WORK REQUIRED:
Without including any image, retype the records word for word.

* * *

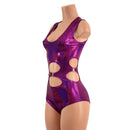 O - Ring Romper with Siren Cut Leg - Coquetry Clothing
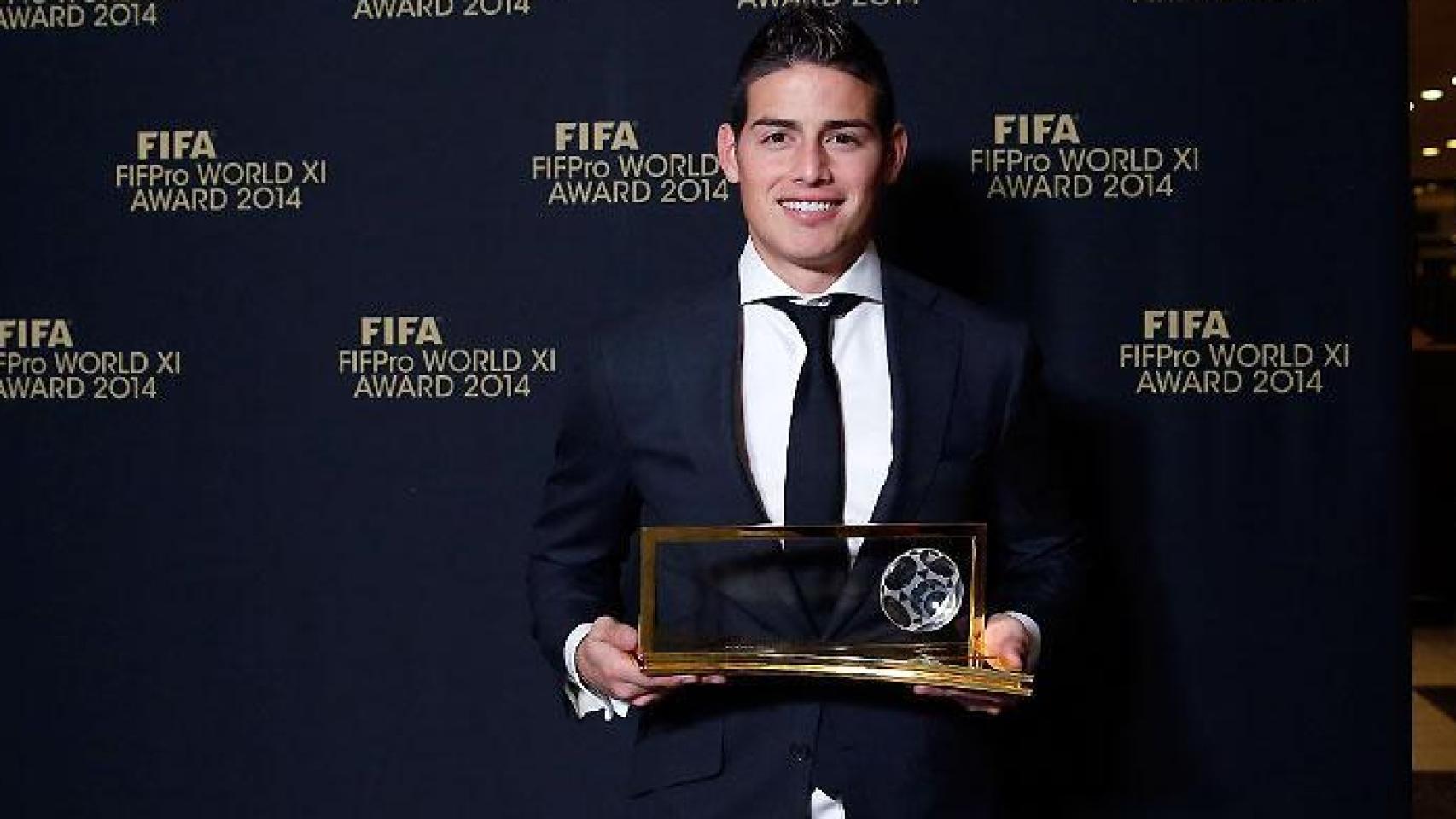 James Rodríguez, ganador del Premio Puskas en 2014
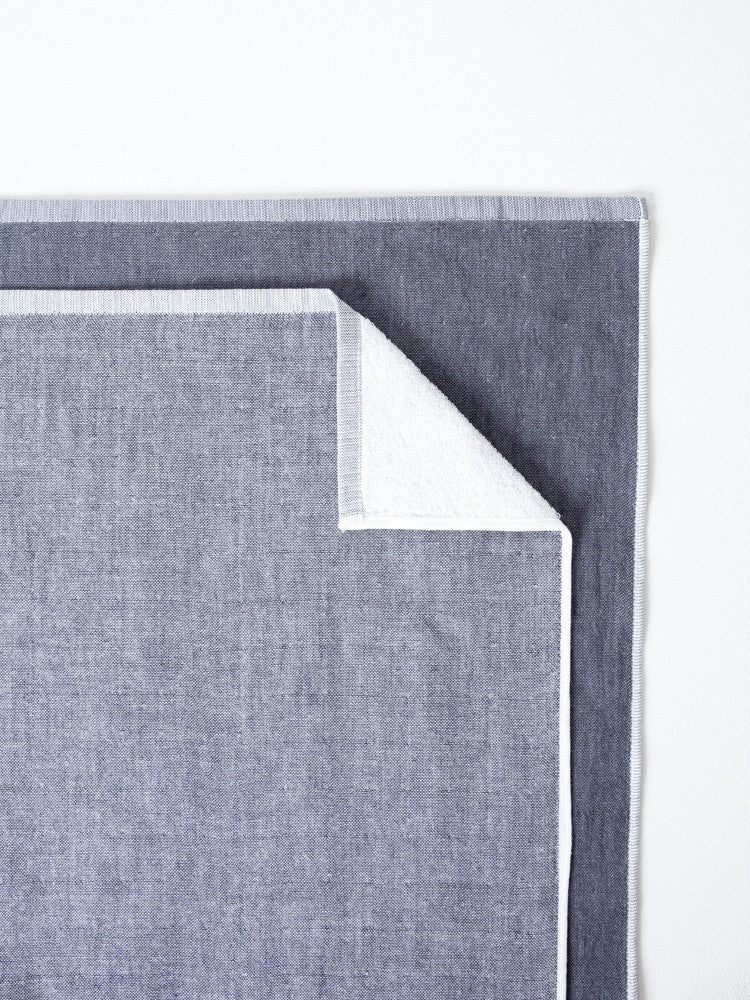 Two-Tone Chambray Towel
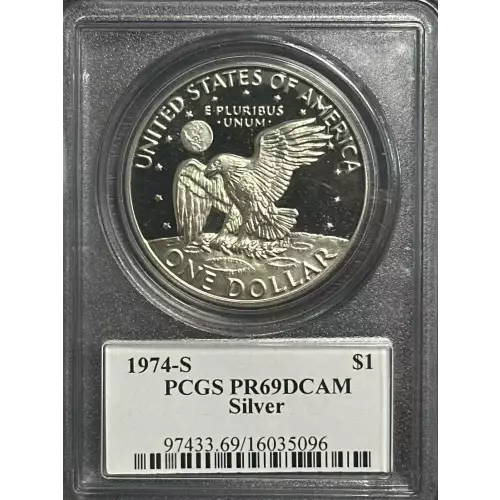 1974-S $1 Silver, DCAM (2)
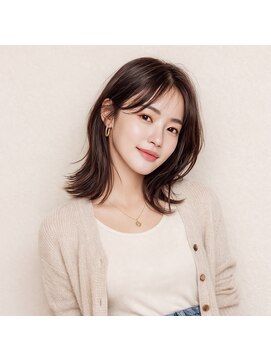 ヘアアンドメイク 心座(hair&make) 大人女性のための艶感ミディ×顔まわりレイヤー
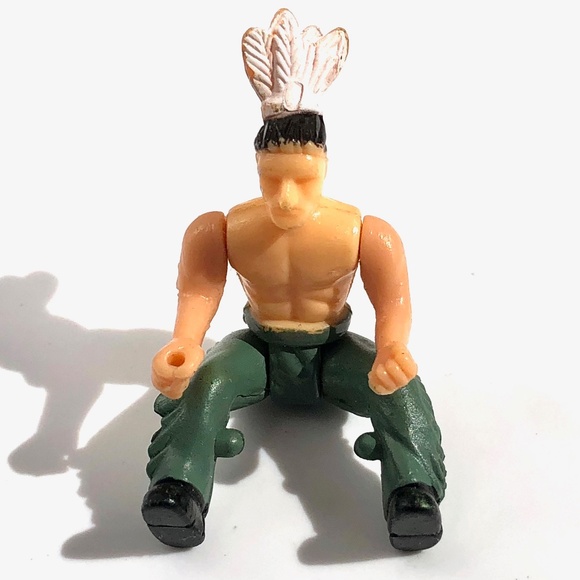 🦋 Native American Figurine from Major Western Soldier Cowboy Indian Playset - Picture 4 of 5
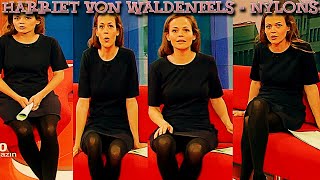 Harriet von Waldenfels HD Nylons Pantyhose nearly Upskirt Collant Pantyhose Strumpfhose on ZDF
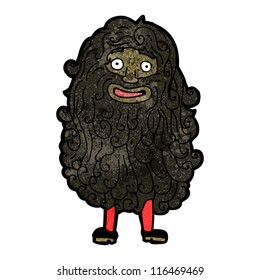 cartoon hairy man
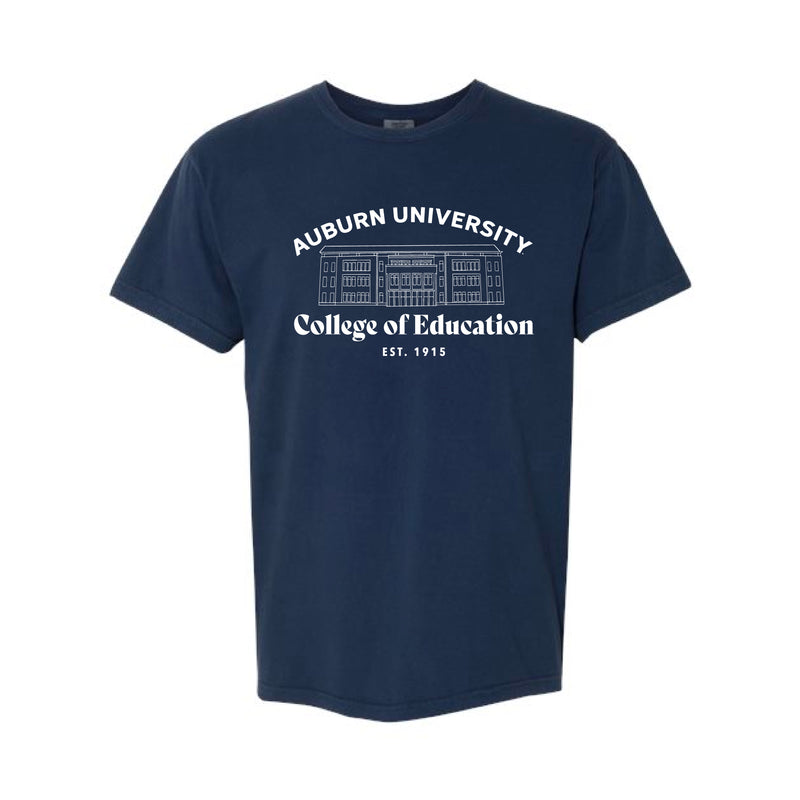 The College of Education Building| Adult True Navy Tee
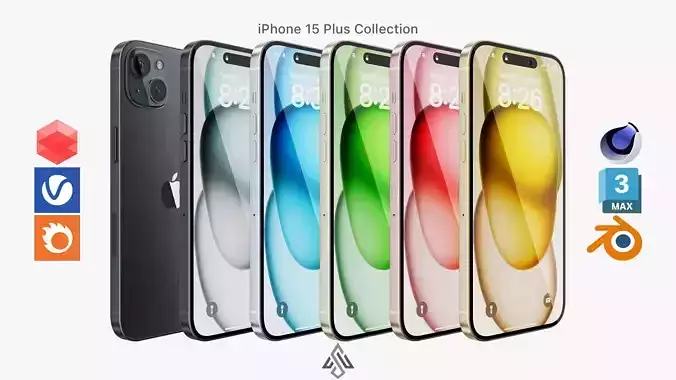 Apple iPhone 15 Plus Collection 3D model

* * *

TASK OUTPUT:
 O - Ring Romper with Siren Cut Leg - Coquetry Clothing
 James Rodríguez, ganador del Premio Puskas en 2014
 Two-Tone Chambray Towel
 1974-S $1 Silver, DCAM (2)
 ヘアアンドメイク 心座(hair&make) 大人女性のための艶感ミディ×顔まわりレイヤー
 🦋 Native American Figurine from Major Western Soldier Cowboy Indian Playset - Picture 4 of 5
 Harriet von Waldenfels HD Nylons Pantyhose nearly Upskirt Collant Pantyhose Strumpfhose on ZDF
 cartoon hairy man
 The College of Education Building| Adult True Navy Tee
 Apple iPhone 15 Plus Collection 3D model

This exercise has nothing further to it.